# Removing Fat from Chicken Soup / Stock



## hagbardceline (Dec 13, 2008)

I tried making chicken stock / soup a few nights ago. To make the base I cut a chicken into 8 pieces which I added to water - skin on - (along with the rib cage and other leftover pieces). The water just covered the chicken and added parsnips, carrots, celery, onion and spices. Brought to a boil and simmered for 10 - 15 minutes. Removed the chicken, pulled the meat off then put the bones back on and simmered for an hour.

I strained then reduced to 6 cups, let cool and refrigerated overnight. The next day the fat had solidified and I pulled it off with a spoon. 

The stock was still really fatty. After sitting in the fridge it became rather gelatinous. What can I do to improve that? I suppose removing the skin would help a great deal...


----------



## suzanne (May 26, 2001)

No, leave the skin -- it adds flavor. And trust me, the fat will come away eventually.
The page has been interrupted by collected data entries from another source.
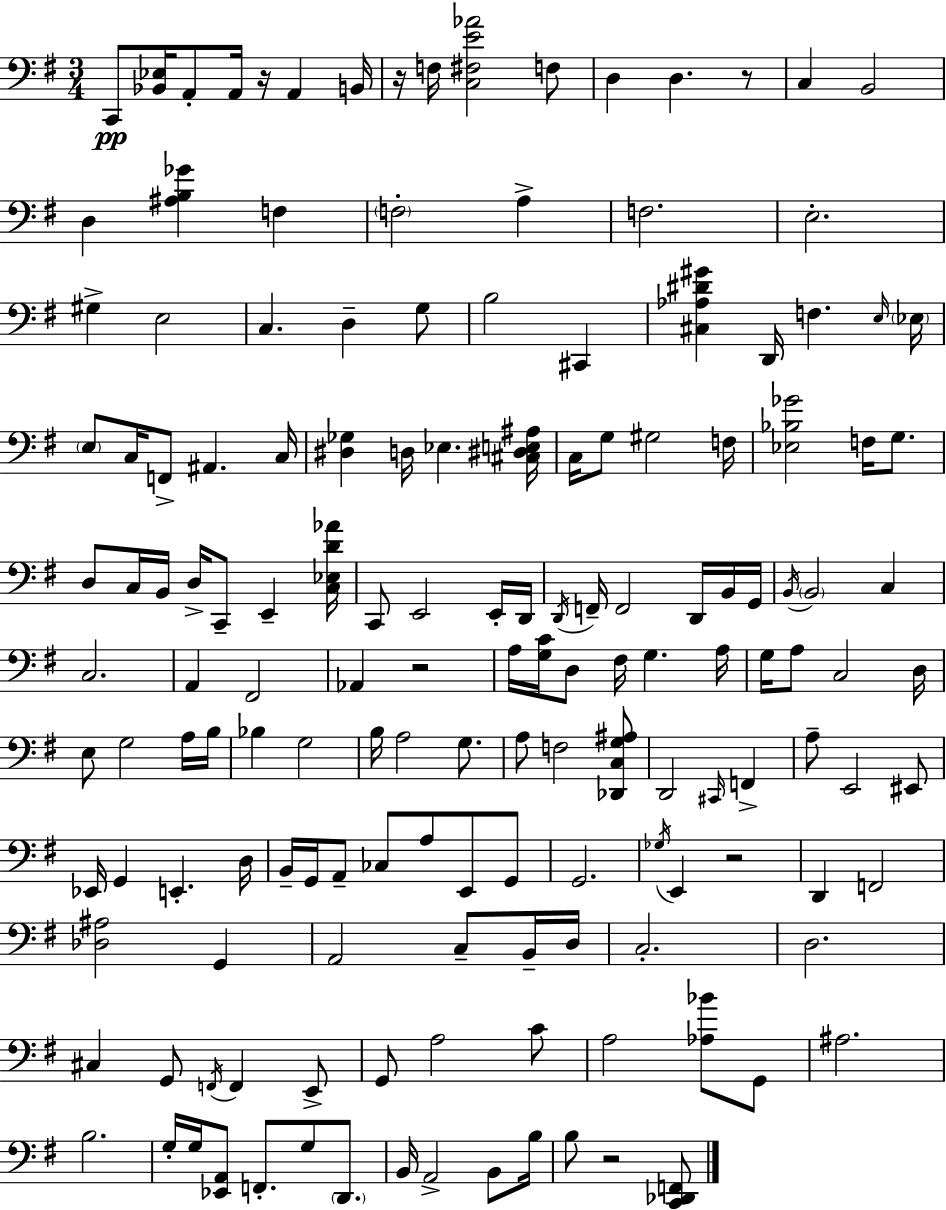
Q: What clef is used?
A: bass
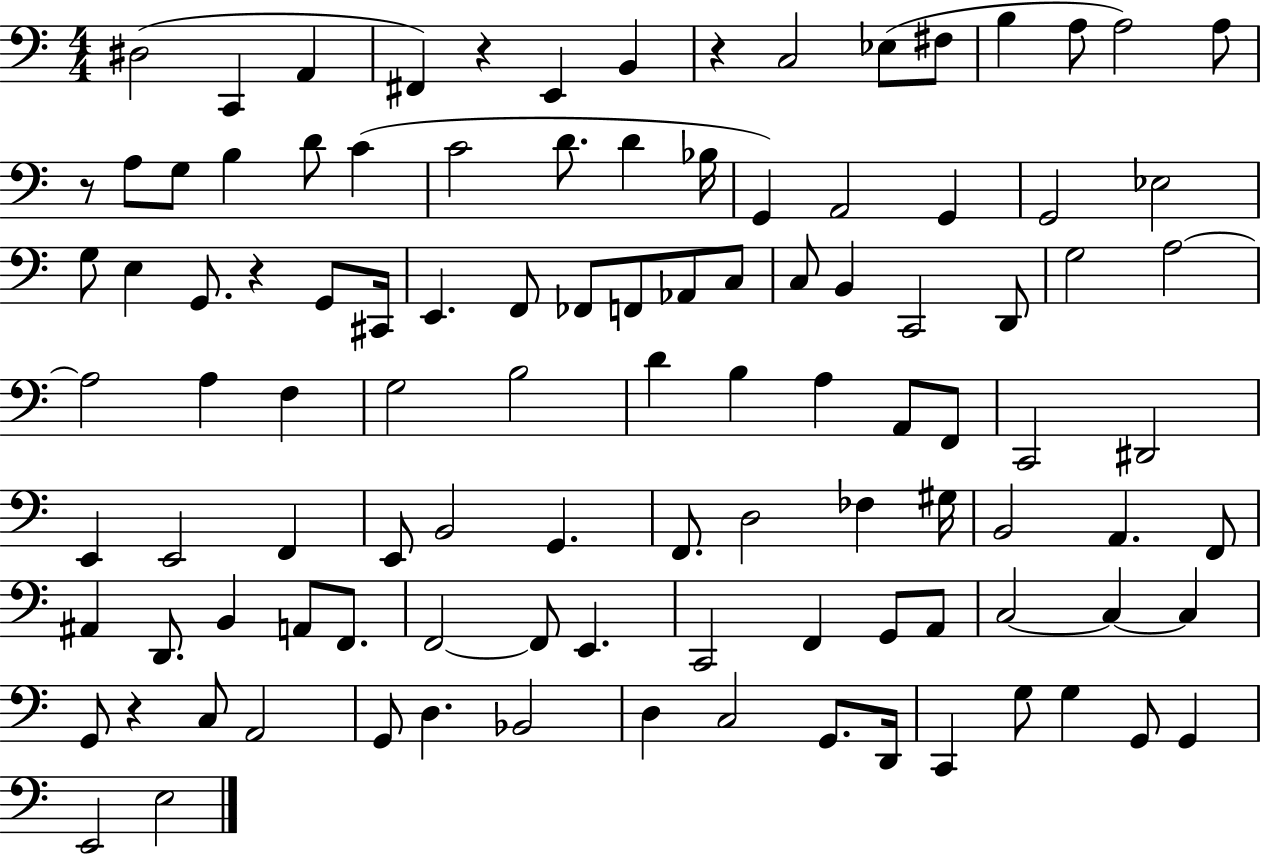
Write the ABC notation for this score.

X:1
T:Untitled
M:4/4
L:1/4
K:C
^D,2 C,, A,, ^F,, z E,, B,, z C,2 _E,/2 ^F,/2 B, A,/2 A,2 A,/2 z/2 A,/2 G,/2 B, D/2 C C2 D/2 D _B,/4 G,, A,,2 G,, G,,2 _E,2 G,/2 E, G,,/2 z G,,/2 ^C,,/4 E,, F,,/2 _F,,/2 F,,/2 _A,,/2 C,/2 C,/2 B,, C,,2 D,,/2 G,2 A,2 A,2 A, F, G,2 B,2 D B, A, A,,/2 F,,/2 C,,2 ^D,,2 E,, E,,2 F,, E,,/2 B,,2 G,, F,,/2 D,2 _F, ^G,/4 B,,2 A,, F,,/2 ^A,, D,,/2 B,, A,,/2 F,,/2 F,,2 F,,/2 E,, C,,2 F,, G,,/2 A,,/2 C,2 C, C, G,,/2 z C,/2 A,,2 G,,/2 D, _B,,2 D, C,2 G,,/2 D,,/4 C,, G,/2 G, G,,/2 G,, E,,2 E,2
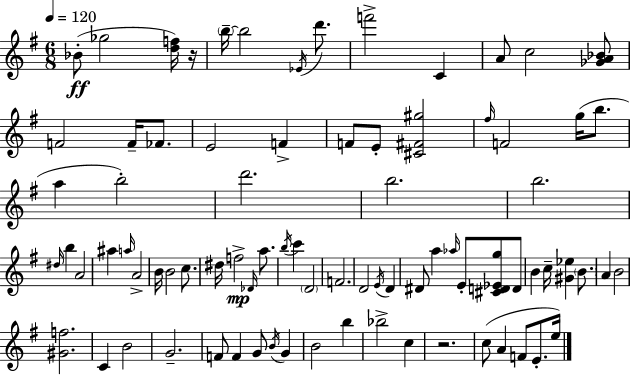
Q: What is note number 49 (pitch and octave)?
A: Ab5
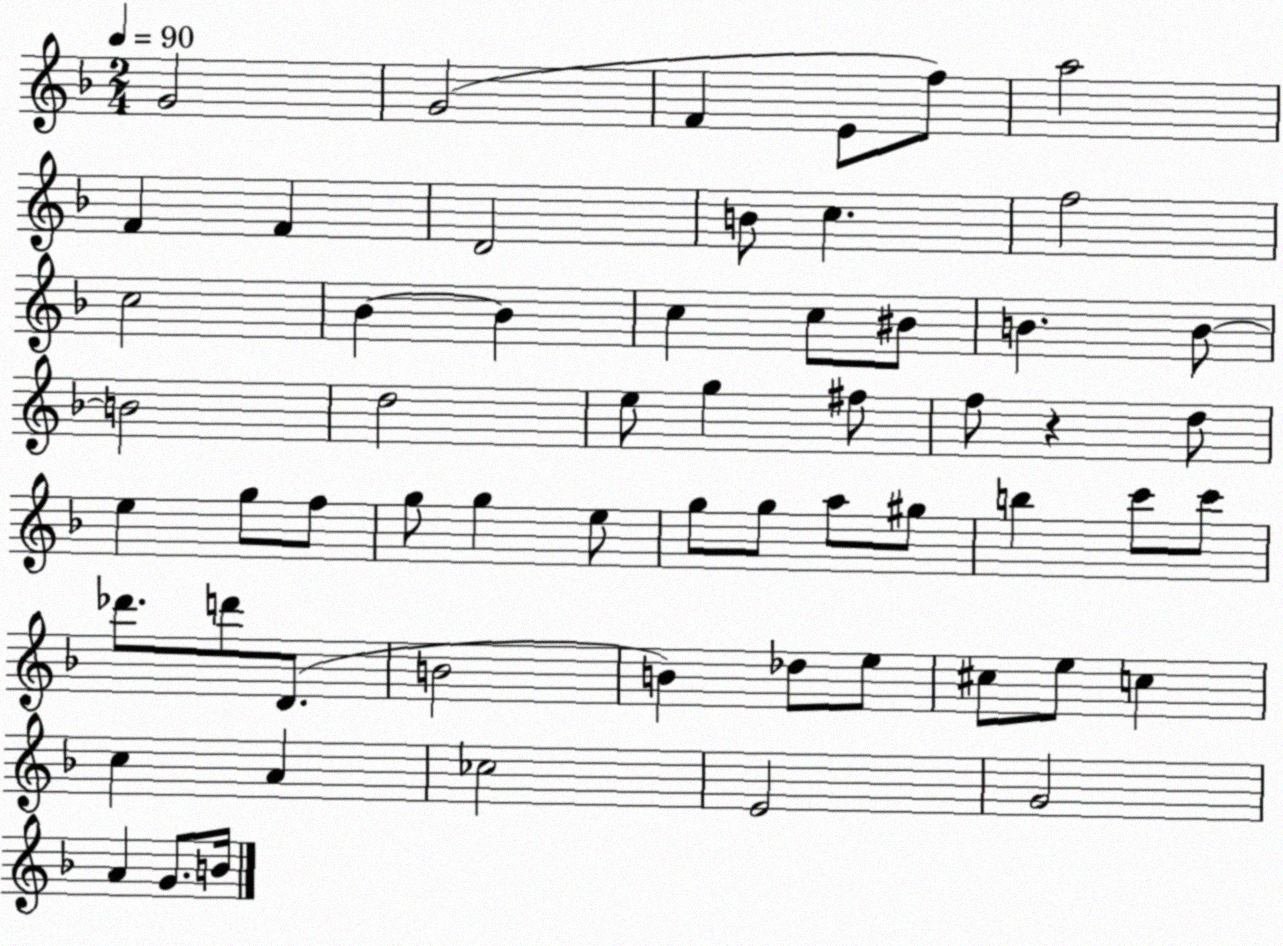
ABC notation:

X:1
T:Untitled
M:2/4
L:1/4
K:F
G2 G2 F E/2 f/2 a2 F F D2 B/2 c f2 c2 _B _B c c/2 ^B/2 B B/2 B2 d2 e/2 g ^f/2 f/2 z d/2 e g/2 f/2 g/2 g e/2 g/2 g/2 a/2 ^g/2 b c'/2 c'/2 _d'/2 d'/2 D/2 B2 B _d/2 e/2 ^c/2 e/2 c c A _c2 E2 G2 A G/2 B/4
What can happen if you do it the way you did is that the fat in the stock gets dispersed in tiny globules that stay there. One way to prevent fat from staying in the finished product is to do it in two steps: after you strain but before you reduce, let it settle so the fat rises to the top, then refrigerate it. Remove the fat, then reduce. Takes more time, but gives a less fatty product.


----------



## rpmcmurphy (Jan 8, 2008)

one tip i learned is to skim skim skim skim skim........someone on here, perhaps ED, mentioned ice cubes in cheese cloth...also don't add the veg until an hour or so before you are done, after you've skimmed off most of the fat. 

but, I'm still learning so take mine with a grain of salt.


----------



## kyheirloomer (Feb 1, 2007)

Chilled stock should be gelitinous, RP. It's the collogen coming out of the bones that does it, and it's something you want.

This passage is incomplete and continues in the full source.